Exclude images, then output the remaining data verbatim.

Source material ▸
****************************************

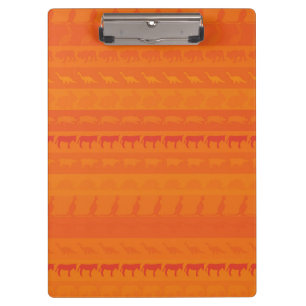 Retro farbenfrohe Tiere Moderne Streifen Muster #1 Klemmbrett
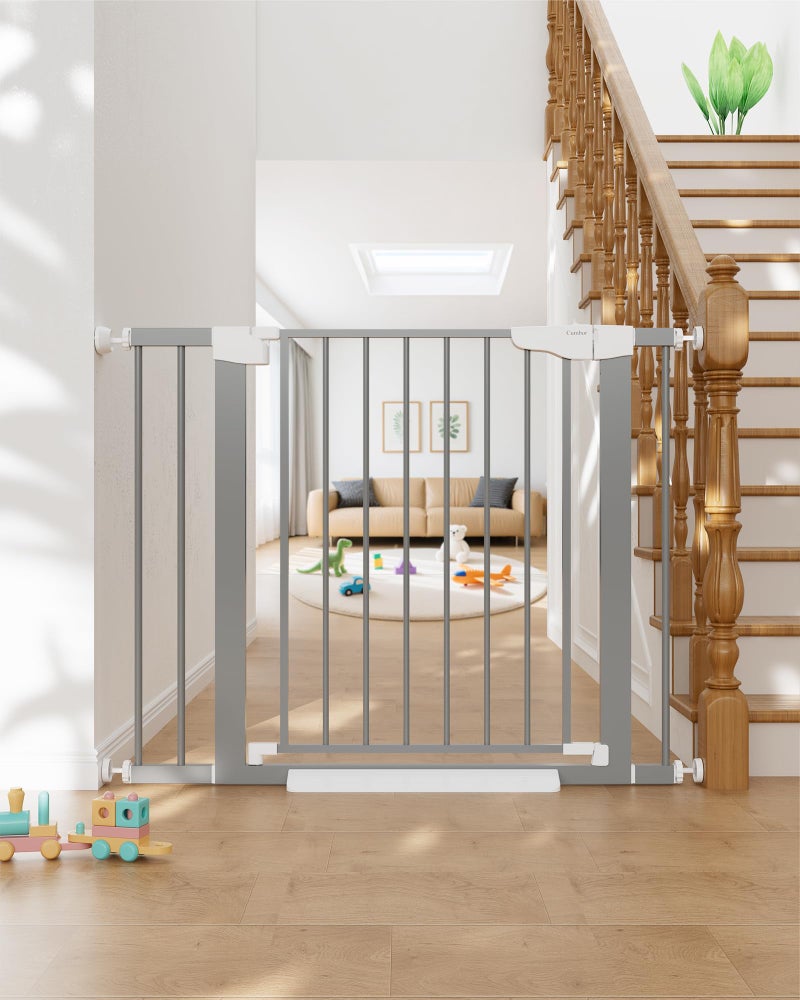 Cumbor 29.7"-40.6" Baby Gate for Stairs, Mom's Choice Awards Winner-Dog Gates for Doorways, Pressure Mounted Auto-Close Pet Gates for Dogs Indoor, Safety Child Gate with Easy Walk Thru Door, Gray - Image 1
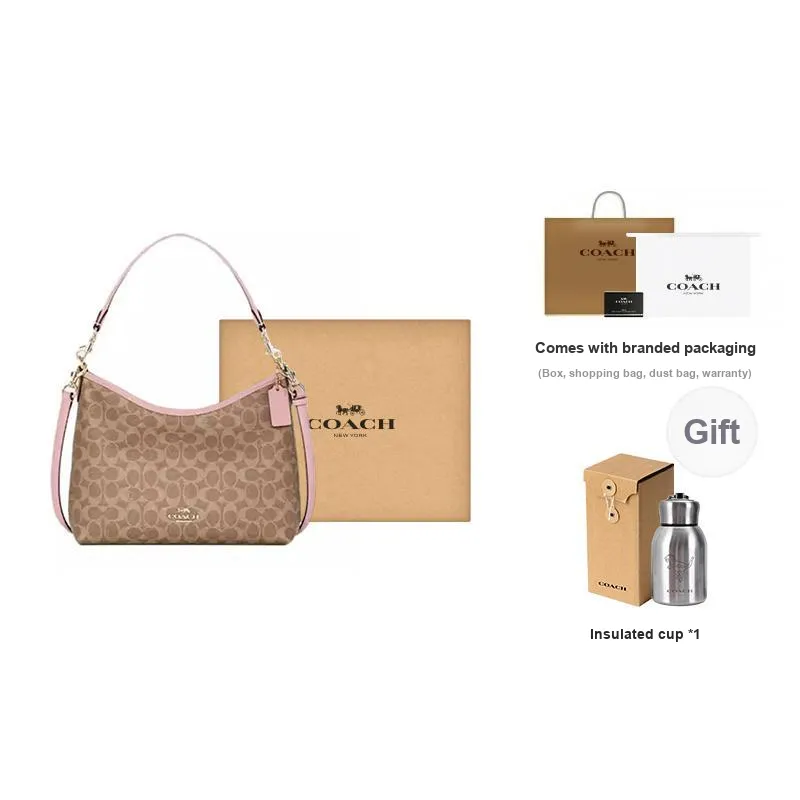 COACH PVC Shoulder Bag, Crossbody Bag, Handbag Large Size Women's Tan & Pink-5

****************************************

Answer to the exercise ▸
 Retro farbenfrohe Tiere Moderne Streifen Muster #1 Klemmbrett
 Cumbor 29.7"-40.6" Baby Gate for Stairs, Mom's Choice Awards Winner-Dog Gates for Doorways, Pressure Mounted Auto-Close Pet Gates for Dogs Indoor, Safety Child Gate with Easy Walk Thru Door, Gray - Image 1
 COACH PVC Shoulder Bag, Crossbody Bag, Handbag Large Size Women's Tan & Pink-5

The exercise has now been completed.